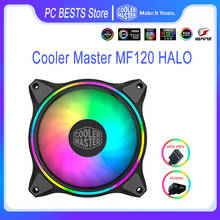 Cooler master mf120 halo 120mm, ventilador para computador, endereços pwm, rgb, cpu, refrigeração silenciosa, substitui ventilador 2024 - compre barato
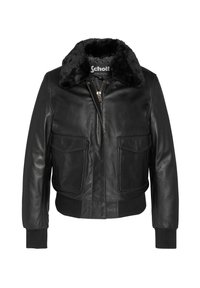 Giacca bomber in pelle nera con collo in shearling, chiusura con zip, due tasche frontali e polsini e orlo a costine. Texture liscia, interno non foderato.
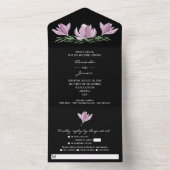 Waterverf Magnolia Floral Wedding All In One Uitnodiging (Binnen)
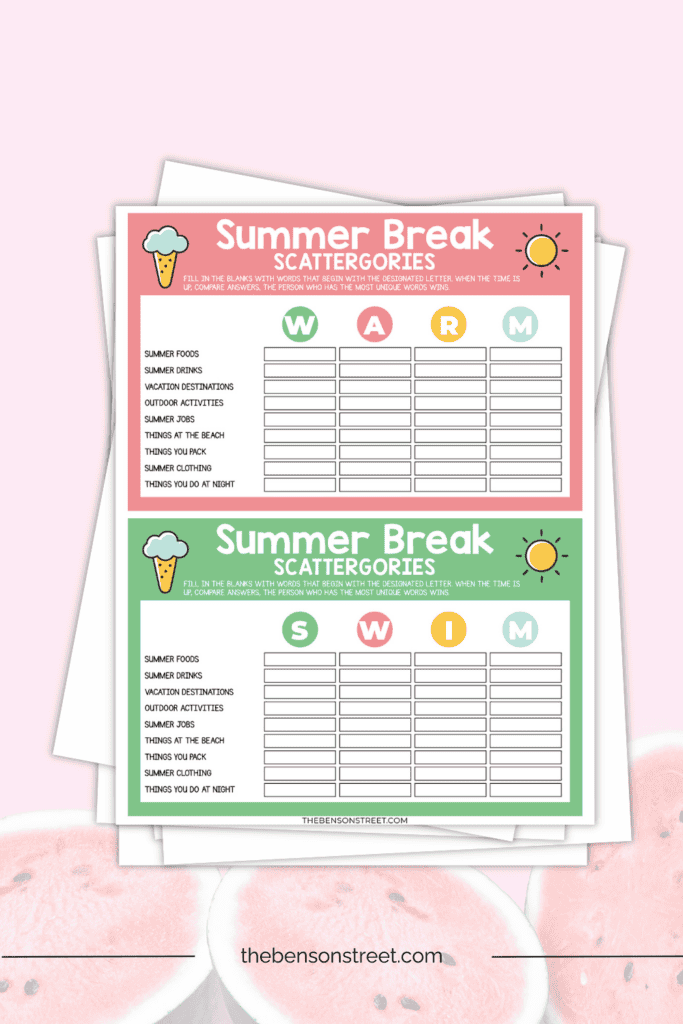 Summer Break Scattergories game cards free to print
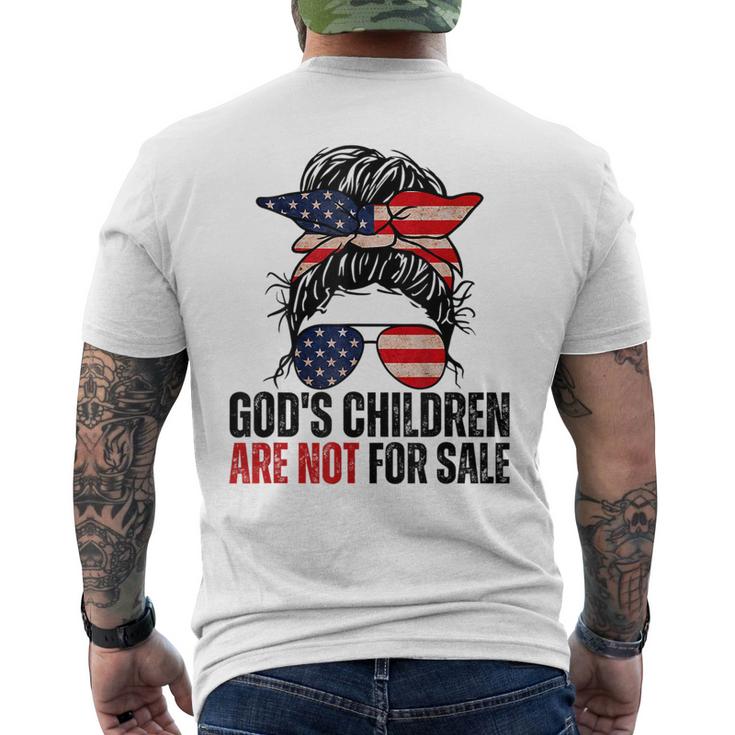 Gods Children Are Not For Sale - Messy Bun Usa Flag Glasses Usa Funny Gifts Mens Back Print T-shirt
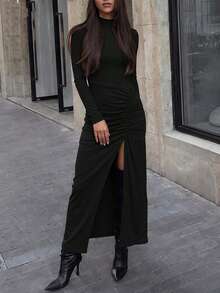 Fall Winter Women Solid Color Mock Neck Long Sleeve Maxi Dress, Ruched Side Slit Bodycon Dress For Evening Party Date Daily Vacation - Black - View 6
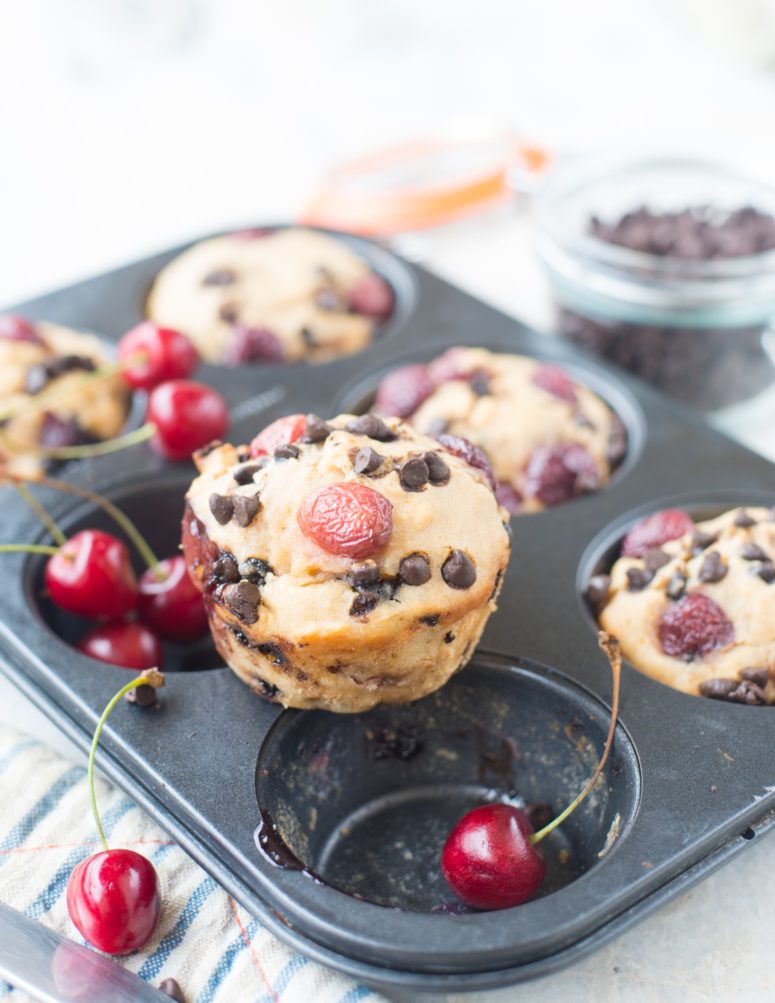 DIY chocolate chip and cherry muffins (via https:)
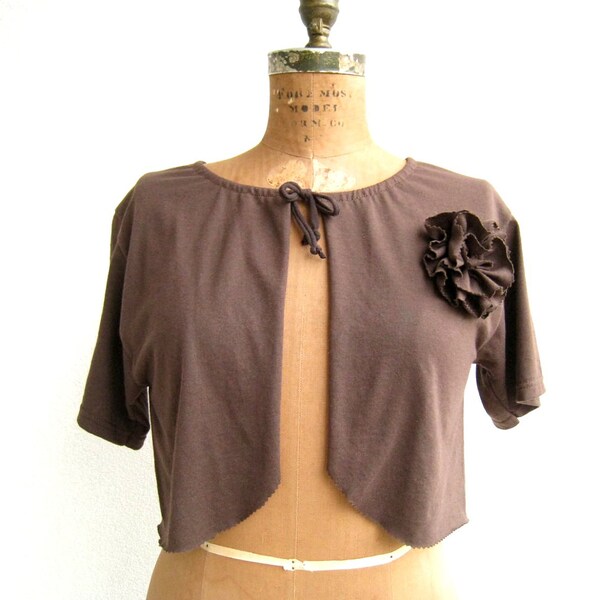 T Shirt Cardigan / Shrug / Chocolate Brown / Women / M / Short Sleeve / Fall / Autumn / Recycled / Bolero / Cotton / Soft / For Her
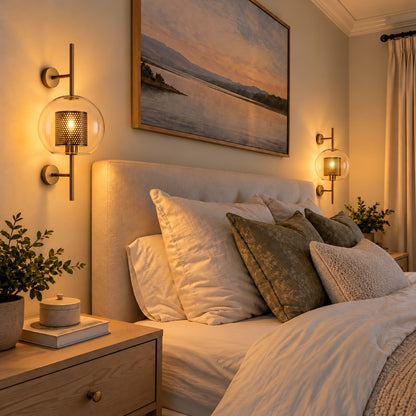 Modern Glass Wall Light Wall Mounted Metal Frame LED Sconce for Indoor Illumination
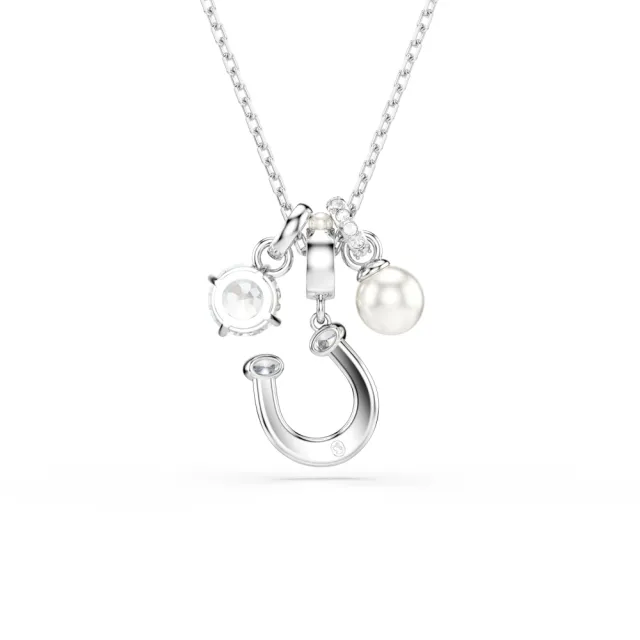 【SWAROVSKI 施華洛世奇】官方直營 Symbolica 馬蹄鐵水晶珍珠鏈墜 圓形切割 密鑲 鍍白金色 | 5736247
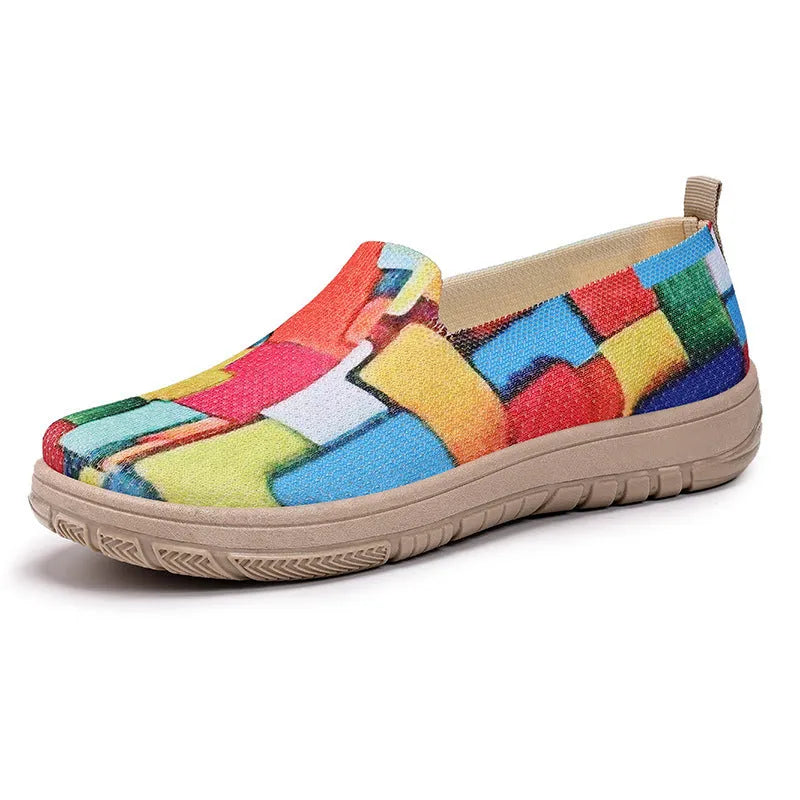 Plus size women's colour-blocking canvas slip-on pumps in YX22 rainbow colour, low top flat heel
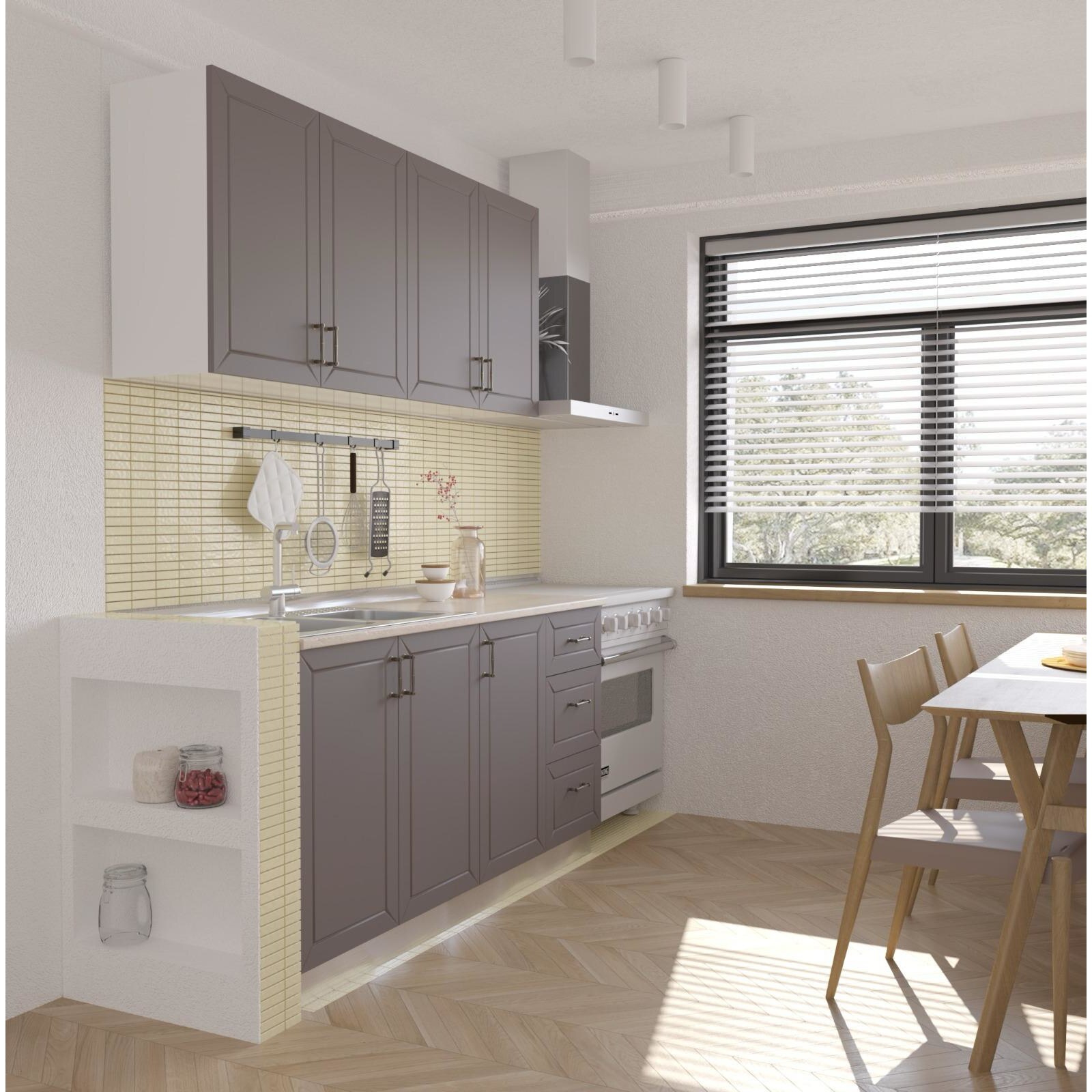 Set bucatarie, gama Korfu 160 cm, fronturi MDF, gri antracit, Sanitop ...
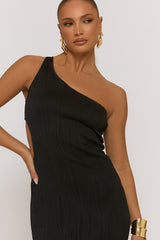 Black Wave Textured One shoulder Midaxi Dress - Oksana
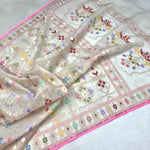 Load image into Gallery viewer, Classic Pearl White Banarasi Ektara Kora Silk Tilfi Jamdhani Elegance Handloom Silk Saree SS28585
= = =
ACTIVITY: Transcribe the lines that run from the line bearing "Set bucatarie, gama" through the last line of the data. Keep the wording exact and leave out every picture.

YOUR RESPONSE:
 Set bucatarie, gama Korfu 160 cm, fronturi MDF, gri antracit, Sanitop ...
 Black Wave Textured One shoulder Midaxi Dress - Oksana
 Load image into Gallery viewer, Classic Pearl White Banarasi Ektara Kora Silk Tilfi Jamdhani Elegance Handloom Silk Saree SS28585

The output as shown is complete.